Once raw source data is stored in a Zuar Runner store, the Zuar Runner store itself can become a source (input) in an IO job.

Connect to Zuar Runner Store

The primary use case for this is to create several related relational database tables from a single nested data source (API data, JSON, etc).

Example Source Data

Let’s use this accounting JSON data as an example:

[
  {
    "amount": 500.00,
    "customer": {
      "id": 1,
      "name": "Customer 1"
    },
    "id": 1,
    "invoice_lines": [
      {
        "amount": 200.00,
        "id": 1,
        "product": "A"
      },
      {
        "amount": 300.00,
        "id": 2,
        "product": "B"
      }
    ],
    "invoice_number": 1001
  },
  {
    "amount": 240.00,
    "customer": {
      "id": 1,
      "name": "Customer 2"
    },
    "id": 2,
    "invoice_lines": [
      {
        "amount": 200.00,
        "id": 1,
        "product": "A"
      },
      {
        "amount": 40.00,
        "id": 2,
        "product": "C"
      }
    ],
    "invoice_number": 1002
  }
]

This dataset has two arrays [ ]:

  1. The data set as a whole is an array

  2. The invoice_lines data contains an array

So, Zuar Runner needs to split this data into two relational database tables.

Table 1 (invoice header)

id

invoice_number

amount

cusomer_id

customer_name

1

1001

500.00

1

Customer 1

2

1002

240.00

2

Customer 2

Table 1, can be created using the Zuar Runner JSON plugin.

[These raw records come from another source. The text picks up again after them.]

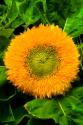 Orange Flower II
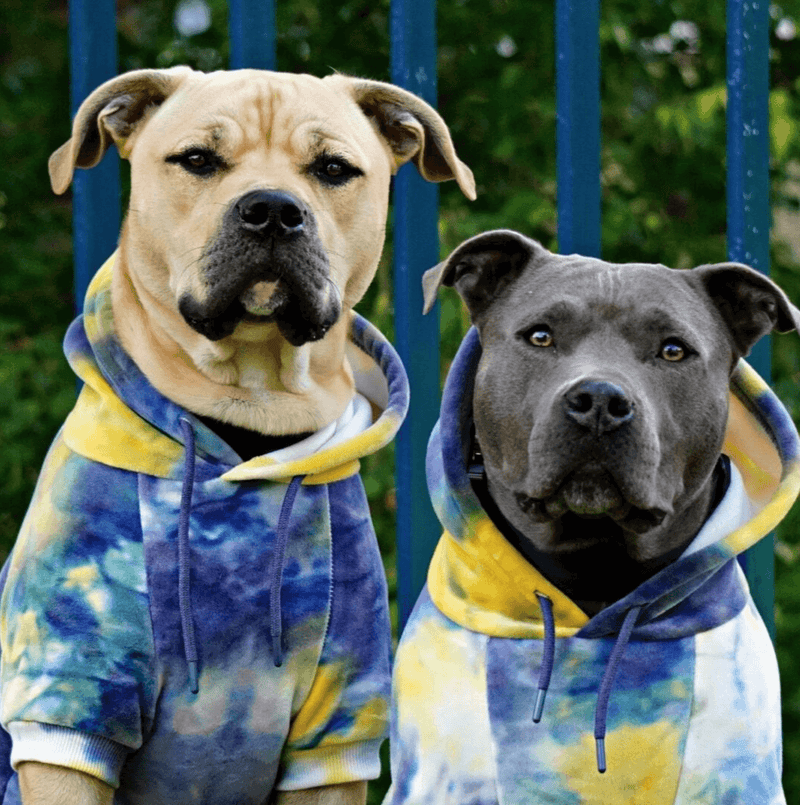 Sudadera de Terciopelo para Perros - Nova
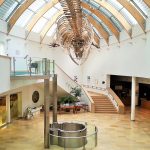 Europe’s Most Modern Natural History Exhibition Space to be Built in Debrecen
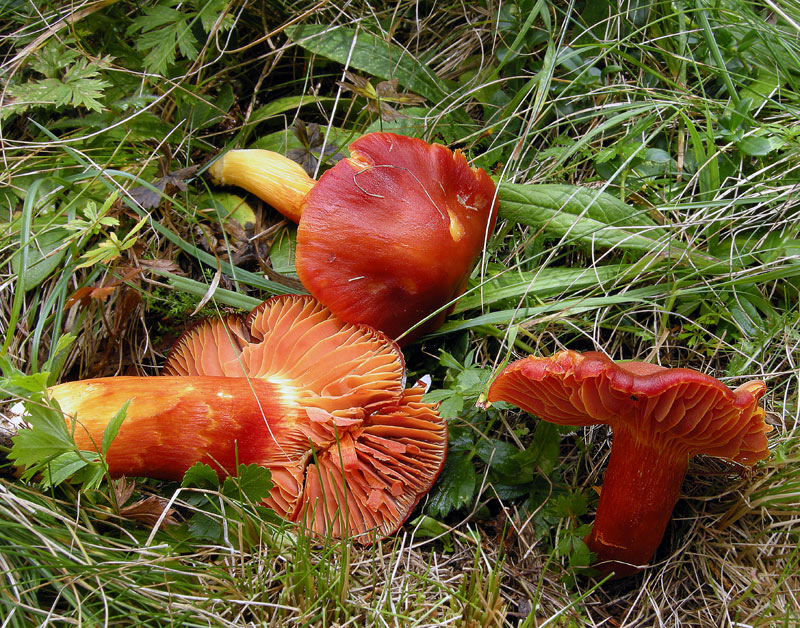 Hygrocybe punicea 
Hygrocybe punicea 
Parole chiave: Hygrocybe punicea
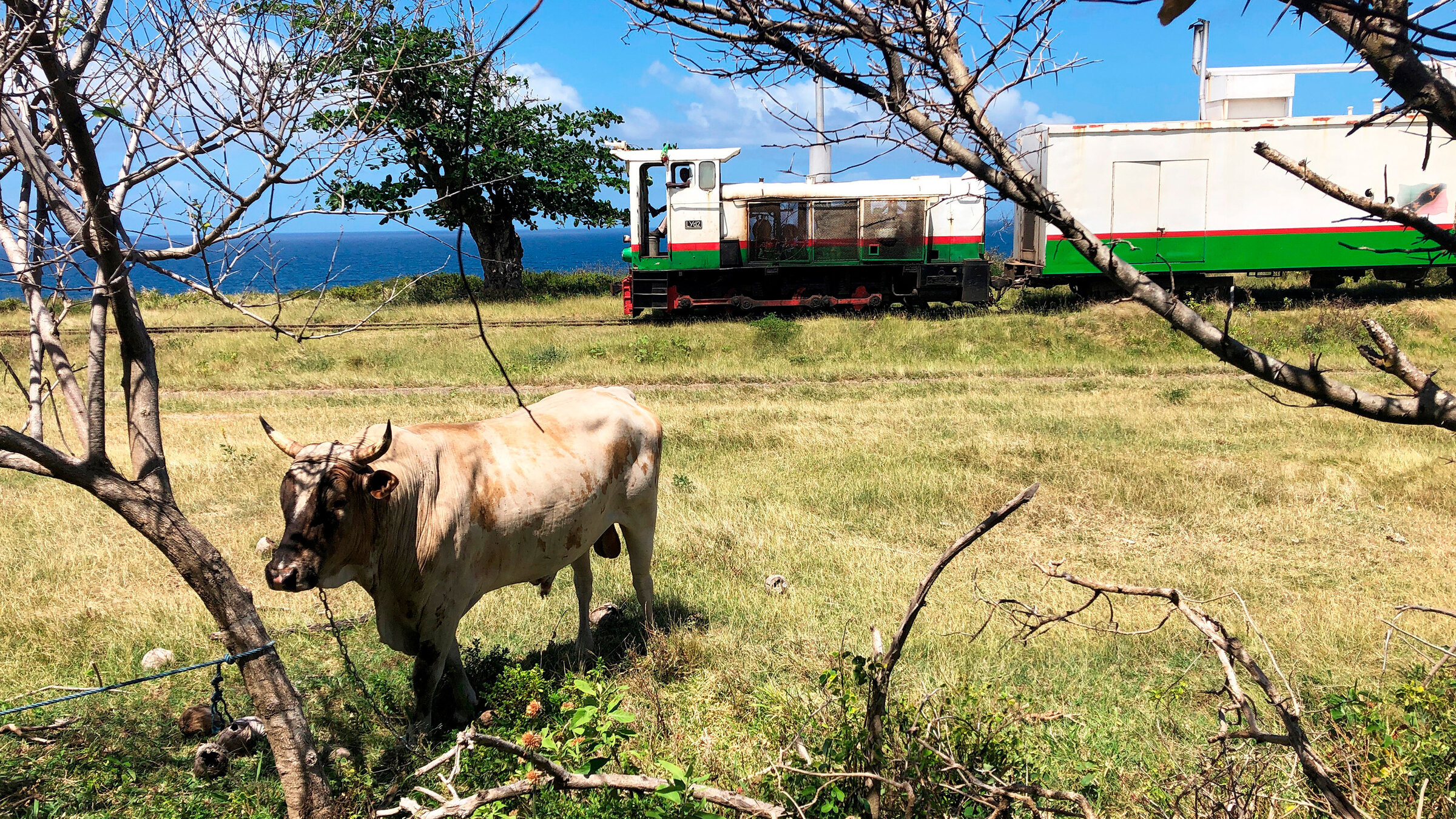"Mit dem Zug auf St. Kitts": Ein Bulle am Schienenrand. Früher wuchs hier Zuckerrohr und der Zug transportierte es ab.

Job #1 name: json_invoices

Table 2 (invoice lines)

invoice_id

id

line

product

amount

1001

1

1

A

200.00

1001

2

2

B

300.00

1002

3

1

A

200.00

1002

4

2

C

40.00

If Zuar Runner job #1 uses a Zuar Runner store, then Table 2, can be created using a Zuar Runner Store job.

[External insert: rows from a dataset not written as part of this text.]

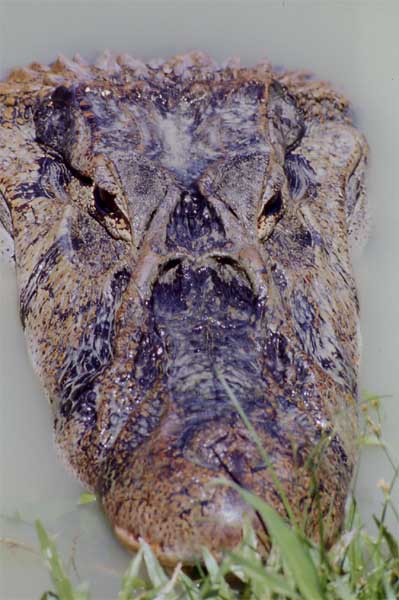 black caiman head-on photo black caiman head-on photo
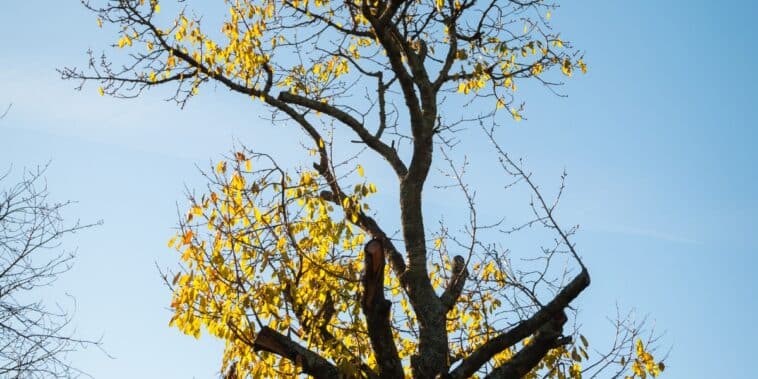 Comment traiter et soigner un cerisier dont les feuilles sèchent et restent sur l'arbre fruitier ?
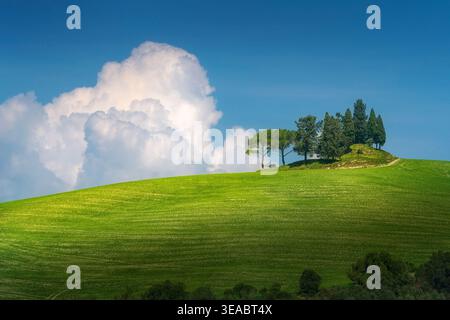Scenic view of a cluster of cypress and pine trees on a rolling green hill near Castelfalfi. Dramatic white cloud in a blue sky, Montaione, Tuscany, I Stock Photo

Zuar Runner Store Job Config

Zuar Runner store jobs can be created using the Generic plugin.

Here’s an example job config that pipes data from a Zuar Runner store.

{
    "input": {
        "name": "json_invoices",
        "use": "mitto.iov2.input#StoreInput",
        "jpath": "$.invoice_lines[*]",
        "members": [
            {
                "name": "invoice_id",
                "value": "$.id"
            }
        ]
    },
    "output": {
        "tablename": "invoice_lines",
        "use": "call:mitto.iov2.db#todb",
        "schema": "json",
        "dbo": "postgresql://db/analytics"
    },
    "steps": [
        {
            "use": "mitto.iov2.steps#Input",
            "transforms": [
                {
                    "use": "mitto.iov2.transform#ExtraColumnsTransform"
                },
                {
                    "use": "mitto.iov2.transform#ColumnsTransform"
                }
            ]
        },
        {
            "use": "mitto.iov2.steps#CreateTable"
        },
        {
            "use": "mitto.iov2.steps#Output",
            "transforms": [
                {
                    "use": "mitto.iov2.transform#FlattenTransform"
                }
            ]
        },
        {
            "use": "mitto.iov2.steps#CollectMeta"
        }
    ]
}

The input section is the important part of this job config.

Name

The name parameter is the name of the “parent” job that is configured to use a store.

Jpath

The jpath parameter let’s you define exactly what section of the store’s JSON data to pull from. This is necessary for Table 2 because of the nested data in the invoice_lines array. Learn more about JSONPath (jpath) expressions below.

Query a record from the “parent” job’s Zuar Runner store API to determine the correct jpath.

Members

The members parameter let’s you add additional columns from any section of the store’s JSON data to the resulting database table. In our case, we need to add the id of each invoice to the invoice_lines table in order for us to join the two tables together. members also uses jpath in it’s value key, and you can name the resulting column by adjusting the name key.

JSONPath Expressions

To understand how to use JSONPath to pick specific sections of data out of a JSON object you can visit: https://goessner.net/articles/JsonPath/

To interactively create a JSON path, you can paste JSON into this GUI and select fields until you obtain your desired level of detail: https://jsonpathfinder.com/. This tool will help build you path.

To interactively learn or test how to use JSONPath syntax you can visit: https://jsonpath.com/

Best Practices

Always run the store job after the “parent” job because the store job requires the store from the “parent” job.